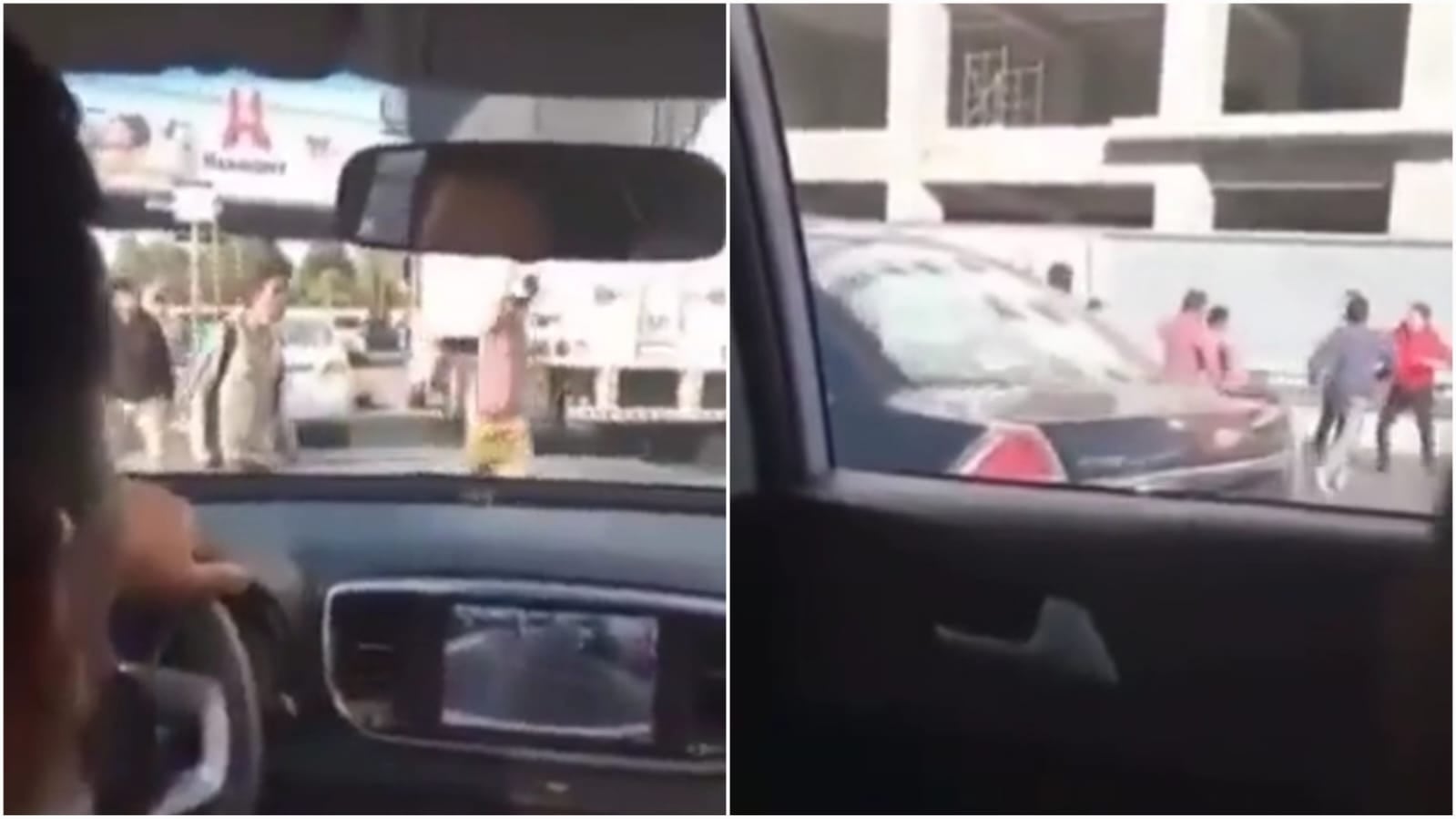 El incidente se produjo en Puebla, México, y lo grabó una familia que dudó en intervenir por su seguridad.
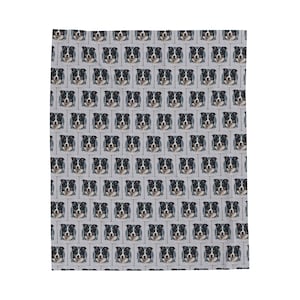 Border Collie Plush Blanket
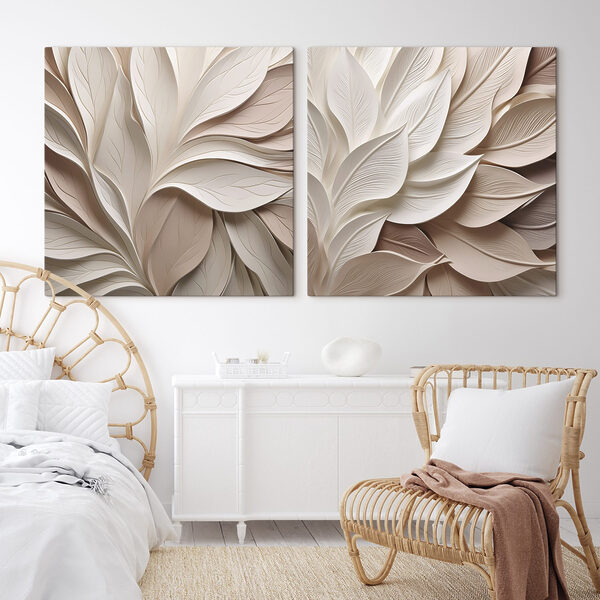 Delicate layers of soft hues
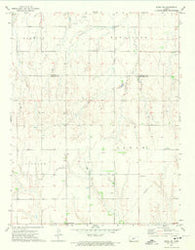 Rozel SW Kansas Historical topographic map, 1:24000 scale, 7.5 X 7.5 Minute, Year 1972
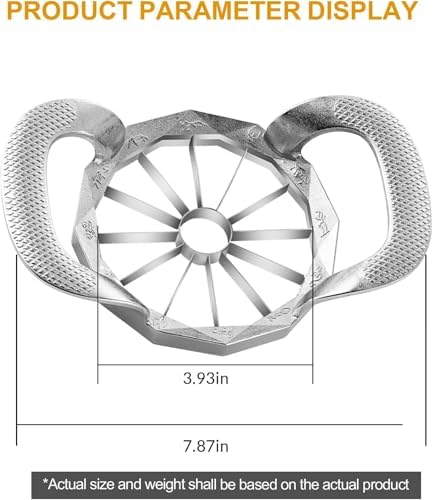 Zinc Alloy Apple Cutter, 7.87"x3.94"x1.18" (Black 12)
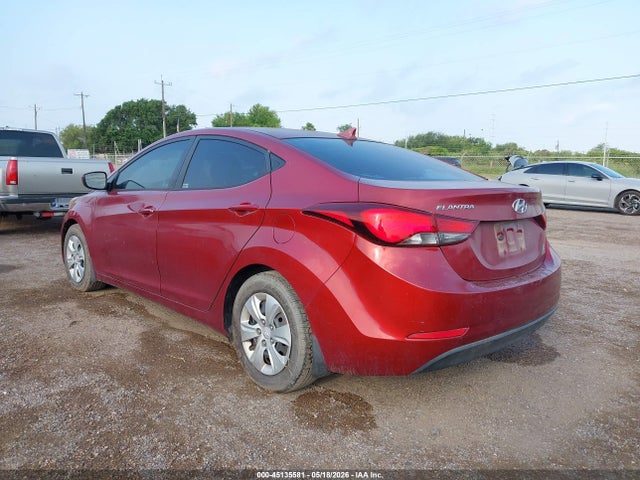 Aukcja sprzedaży 2016 Hyundai Elantra Se, vin: 5NPDH4AE8GH681923, numer aukcji: 45135581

Prompt — Word for word, restate all of the material, omitting the images.

Reply to the exercise —
 El incidente se produjo en Puebla, México, y lo grabó una familia que dudó en intervenir por su seguridad.
 Border Collie Plush Blanket
 Delicate layers of soft hues
 Rozel SW Kansas Historical topographic map, 1:24000 scale, 7.5 X 7.5 Minute, Year 1972
 Zinc Alloy Apple Cutter, 7.87"x3.94"x1.18" (Black 12)
 Aukcja sprzedaży 2016 Hyundai Elantra Se, vin: 5NPDH4AE8GH681923, numer aukcji: 45135581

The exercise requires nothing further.